--- Input records Enclosed Below ---

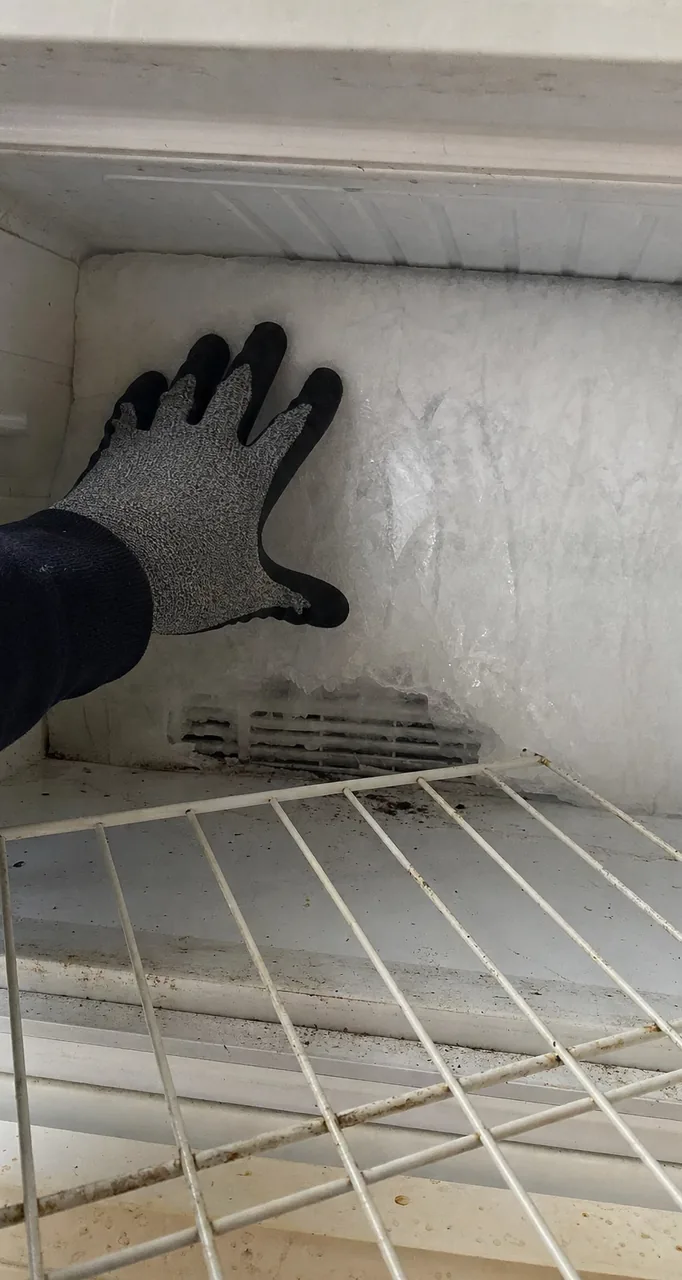Frost sheeted unevenly across the back of a freezer compartment, heavier at the top than the bottom, with the outline of the vent showing through the ice.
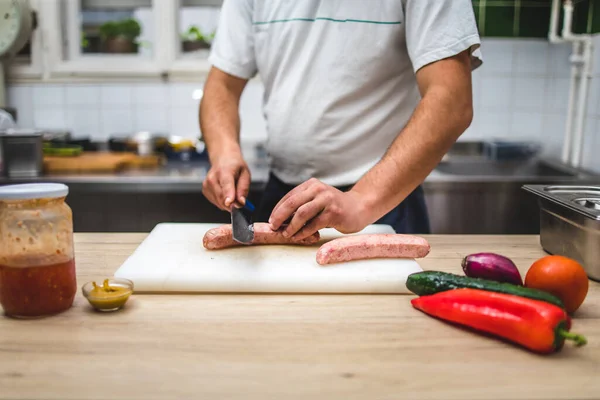 男性シェフは生肉ソーセージを野菜と一緒にボード上で切断します 食事の準備 レストラン — ストック写真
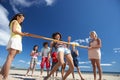 Teenagers doing limbo dance on beach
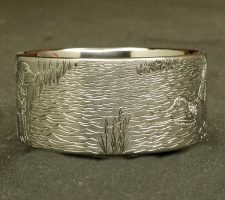 A ring depicting a dog and duck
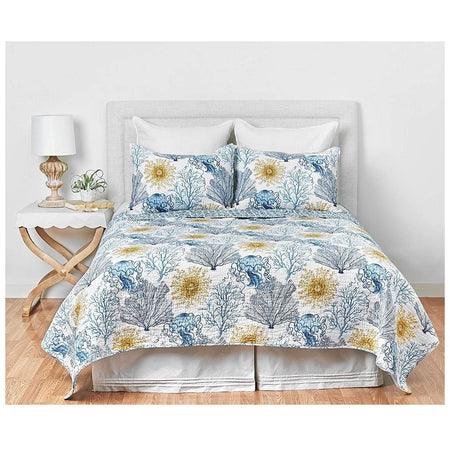 King size quilt and two pillow shams, white with a blue and yellow coral pattern and dark blue jellyfish pattern.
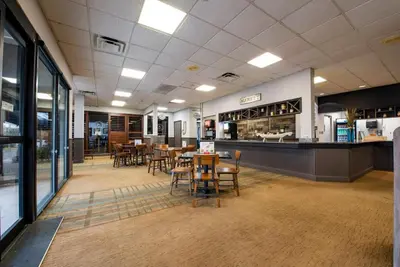 a restaurant with tables and chairs and a counter at Estúdio The Enclave – Piscinas, academia e vista in Orlando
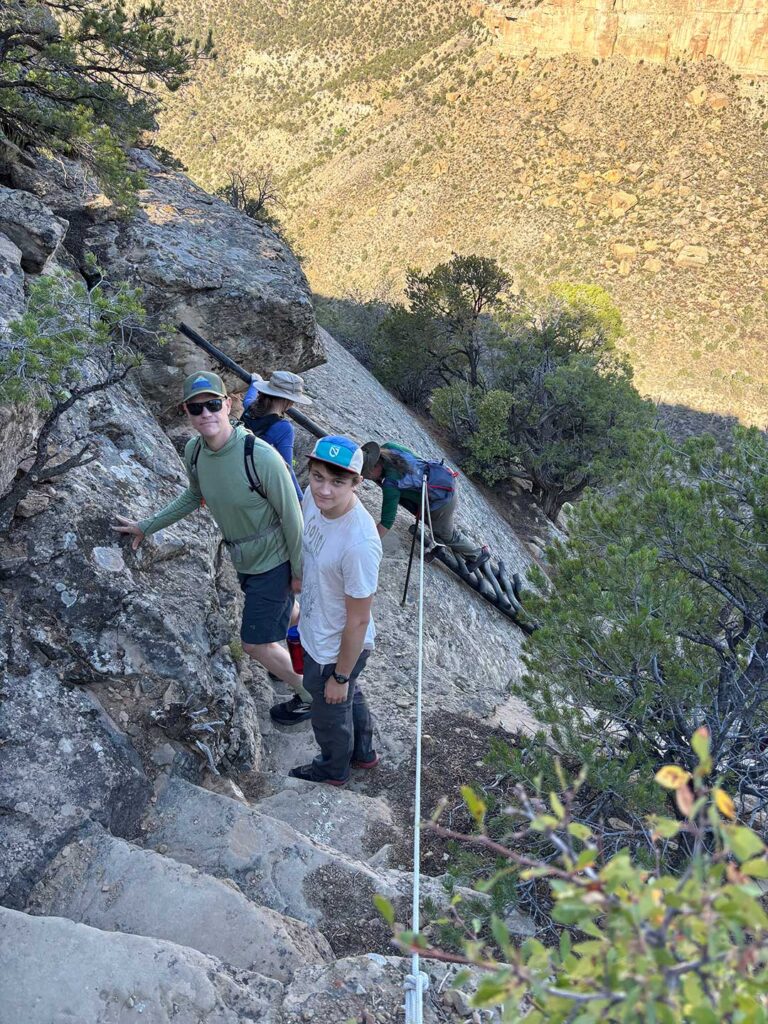 Family descending a narrow stone path carved into a steep canyon wall at Mesa Verde National Park.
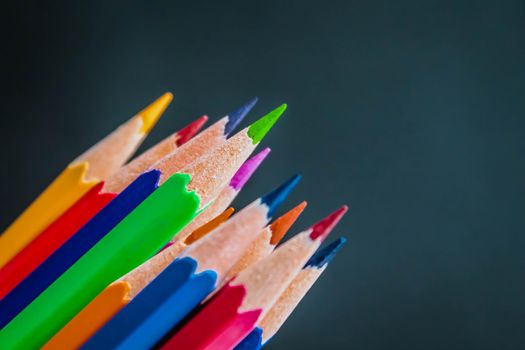 Back to school concept with black chalkboard background with colorful wooden pencils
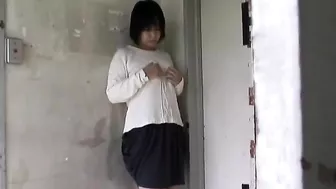 Uncensored XXX - Gorgeous Japanese girl masturbates in voyeuristic scene.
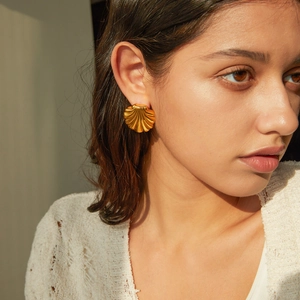 Golden fan-shaped shell earrings in 18k gold plated stainless steel on model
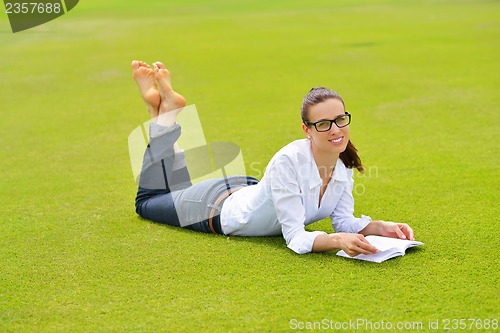 Image of Young woman reading a book in the park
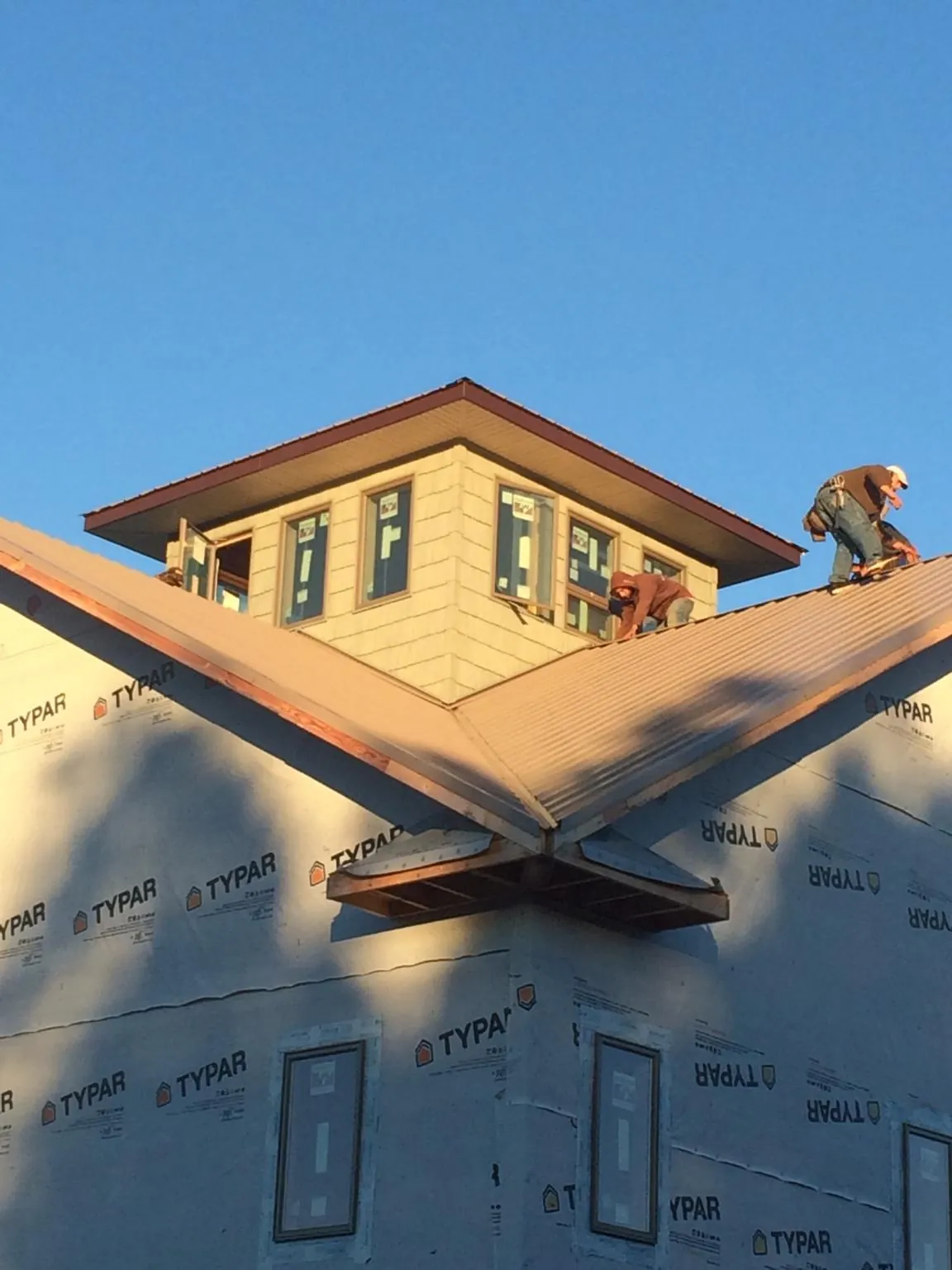 Roofers working around a rooftop cupola on a new metal roof at sunset — Roof Waterproofing in Goldsmith by Roofing Brothers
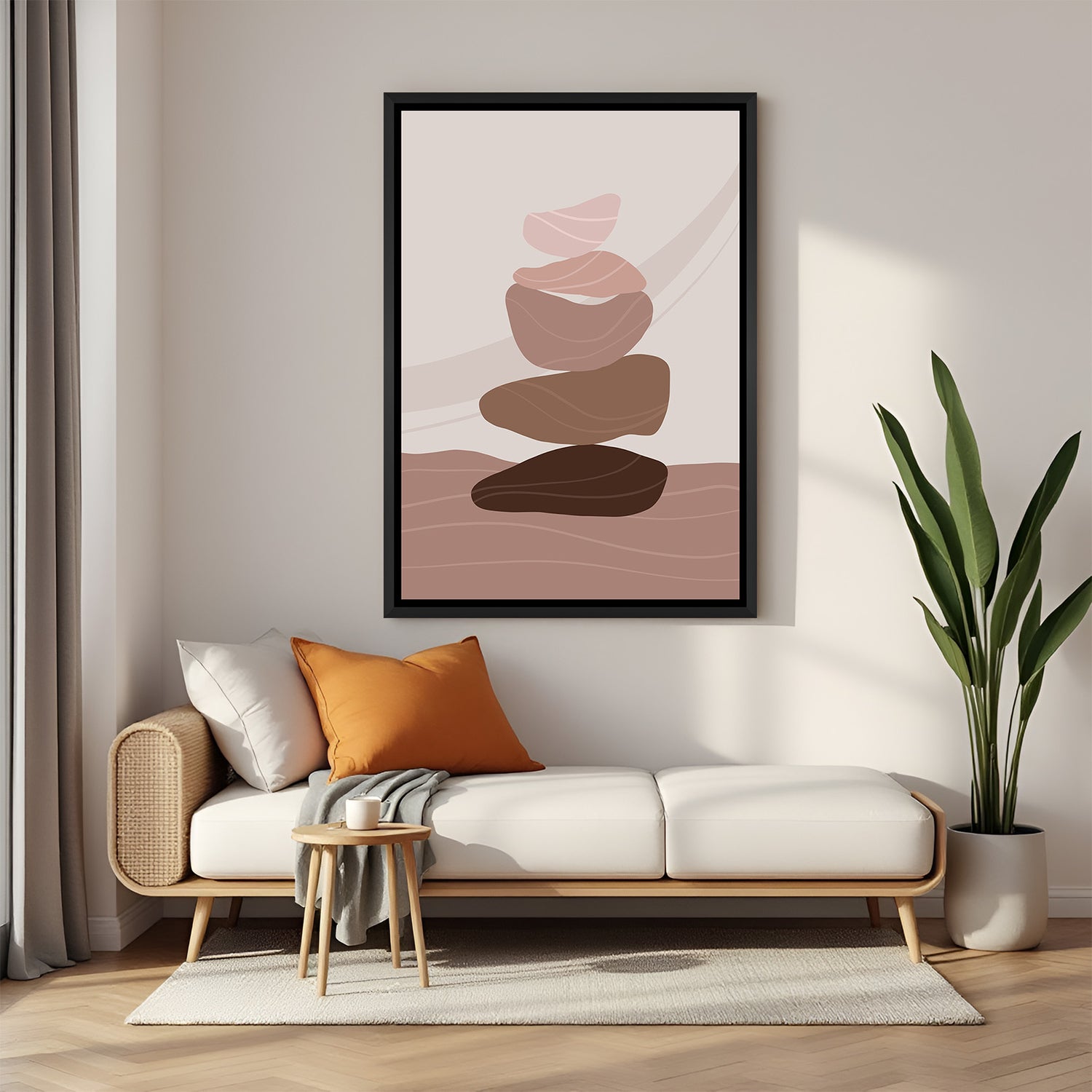 Black framed boho canvas with different shaped pebbles stacked in neutral tones on soft backdrop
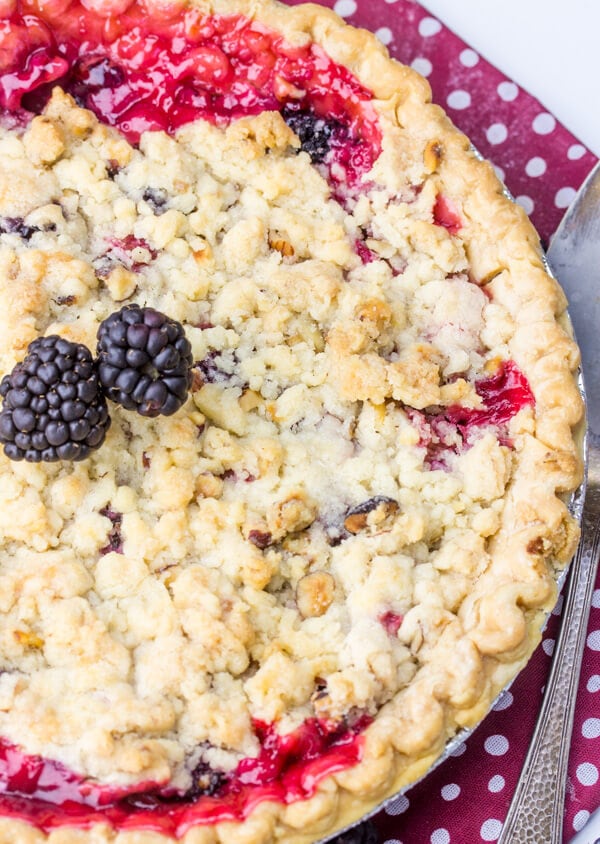 A pie with blackberries on top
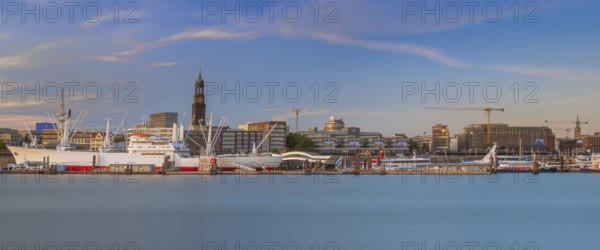 View over the Norderelbe to the main church St. Michaelis and the Landungsbrücken with ships in front of it in the evening light, long exposure, Hamburg, Germany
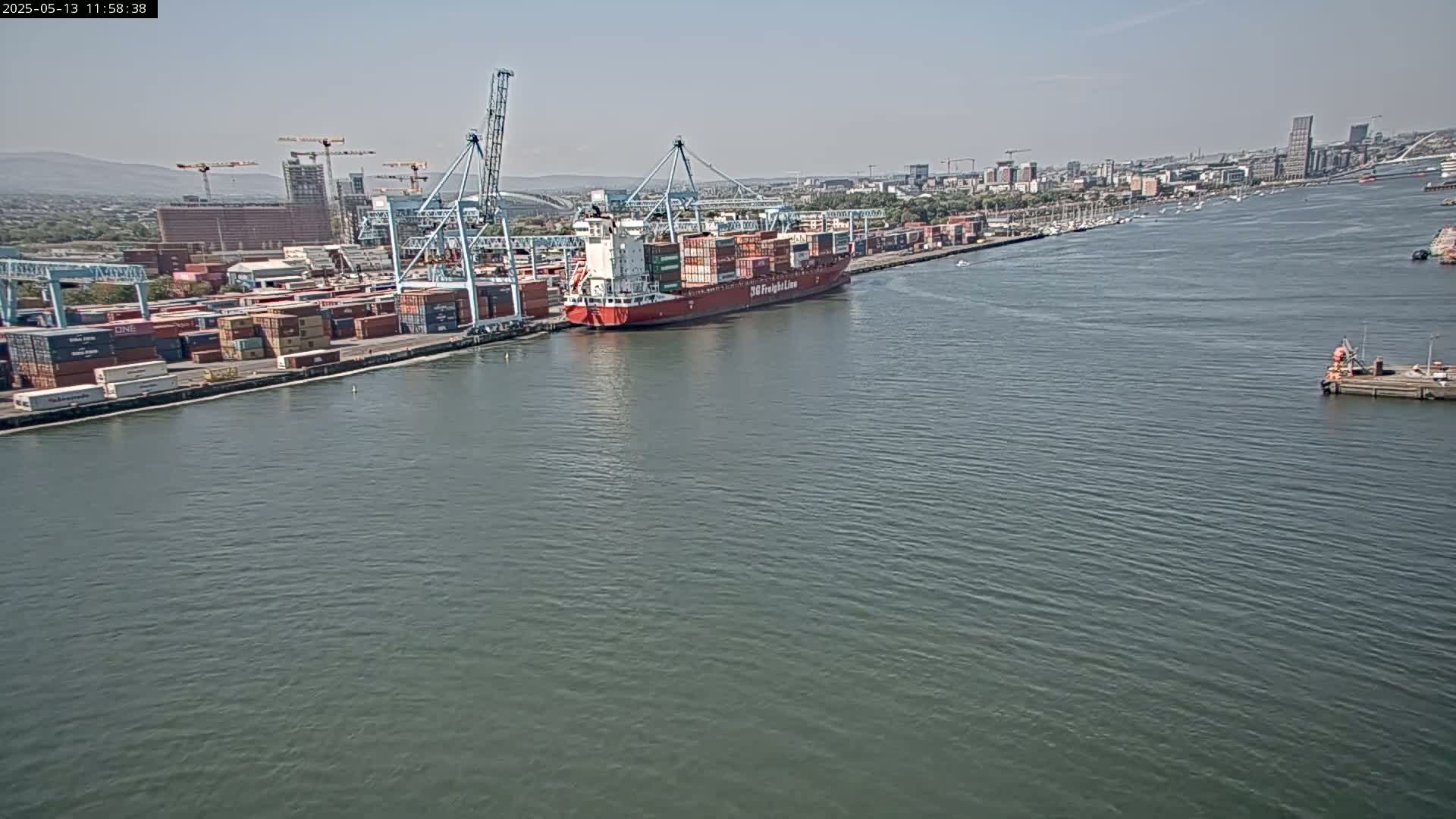 A large container ship is docked at a port on a calm, sunny day, with numerous containers visible on the dock and in the background.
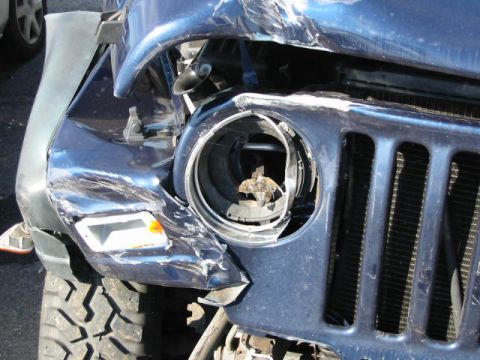 2002 Jeep Wrangler - Front view of a heavily damaged blue 2002 Jeep Wrangler, showing a broken headlight and dented grille.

--- End of Enclosed Input records ---

Return all the records above exactly, pictures omitted.

Frost sheeted unevenly across the back of a freezer compartment, heavier at the top than the bottom, with the outline of the vent showing through the ice.
 男性シェフは生肉ソーセージを野菜と一緒にボード上で切断します 食事の準備 レストラン — ストック写真
 Teenagers doing limbo dance on beach
 A ring depicting a dog and duck
 King size quilt and two pillow shams, white with a blue and yellow coral pattern and dark blue jellyfish pattern.
 a restaurant with tables and chairs and a counter at Estúdio The Enclave – Piscinas, academia e vista in Orlando
 Family descending a narrow stone path carved into a steep canyon wall at Mesa Verde National Park.
 Back to school concept with black chalkboard background with colorful wooden pencils
 Uncensored XXX - Gorgeous Japanese girl masturbates in voyeuristic scene.
 Golden fan-shaped shell earrings in 18k gold plated stainless steel on model
 Image of Young woman reading a book in the park
 Roofers working around a rooftop cupola on a new metal roof at sunset — Roof Waterproofing in Goldsmith by Roofing Brothers
 Black framed boho canvas with different shaped pebbles stacked in neutral tones on soft backdrop
 A pie with blackberries on top
 View over the Norderelbe to the main church St. Michaelis and the Landungsbrücken with ships in front of it in the evening light, long exposure, Hamburg, Germany
 A large container ship is docked at a port on a calm, sunny day, with numerous containers visible on the dock and in the background.
 2002 Jeep Wrangler - Front view of a heavily damaged blue 2002 Jeep Wrangler, showing a broken headlight and dented grille.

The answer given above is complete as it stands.